THE DATA Start Marker

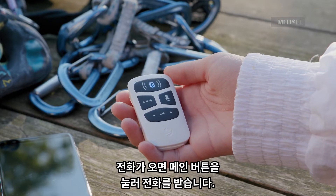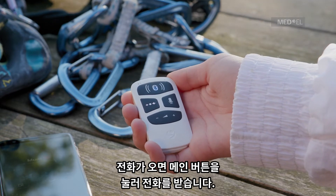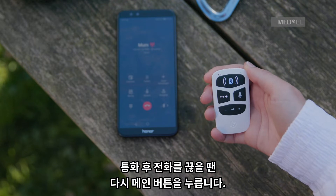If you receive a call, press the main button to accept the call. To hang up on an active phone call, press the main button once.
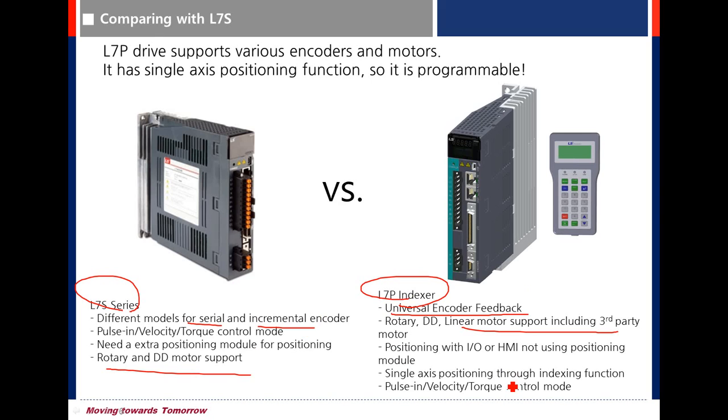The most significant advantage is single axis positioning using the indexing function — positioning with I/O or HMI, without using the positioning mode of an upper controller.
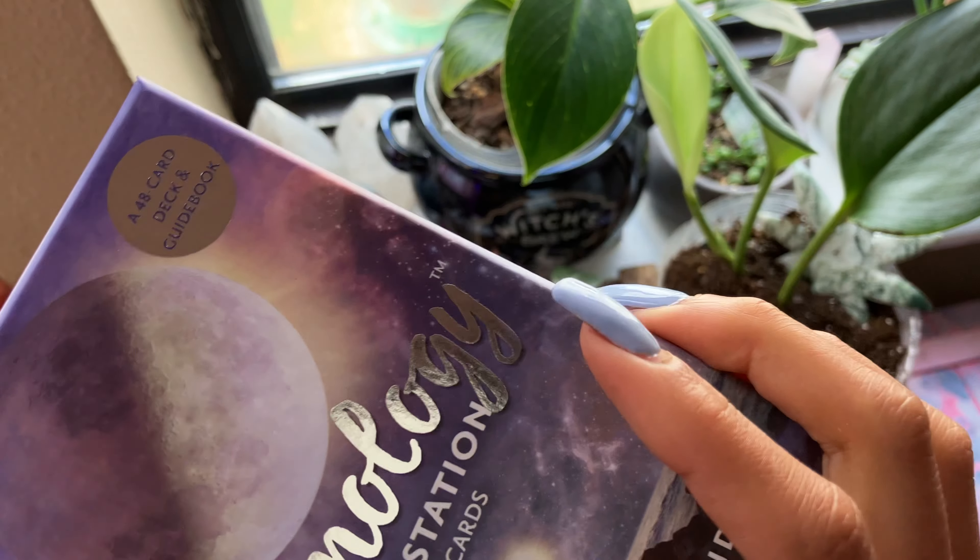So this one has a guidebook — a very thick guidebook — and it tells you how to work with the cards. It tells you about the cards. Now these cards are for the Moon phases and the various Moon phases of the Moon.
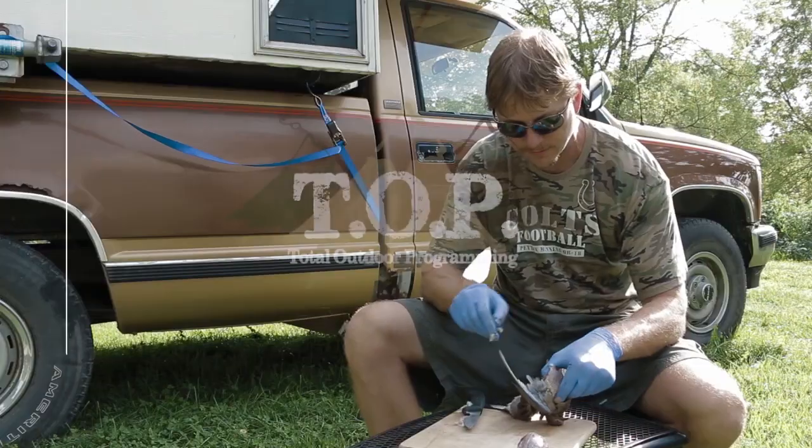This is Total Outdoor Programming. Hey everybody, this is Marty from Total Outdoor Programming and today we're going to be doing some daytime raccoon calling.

THE DATA End Marker

▶ **WHAT THE EXERCISE ASKS**: Make an exact copy of the data above, pictures excluded.

▶ **WRITTEN SOLUTION**:
If you receive a call, press the main button to accept the call. To hang up on an active phone call, press the main button once.
The most significant advantage is single axis positioning using the indexing function — positioning with I/O or HMI, without using the positioning mode of an upper controller.
So this one has a guidebook — a very thick guidebook — and it tells you how to work with the cards. It tells you about the cards. Now these cards are for the Moon phases and the various Moon phases of the Moon.
This is Total Outdoor Programming. Hey everybody, this is Marty from Total Outdoor Programming and today we're going to be doing some daytime raccoon calling.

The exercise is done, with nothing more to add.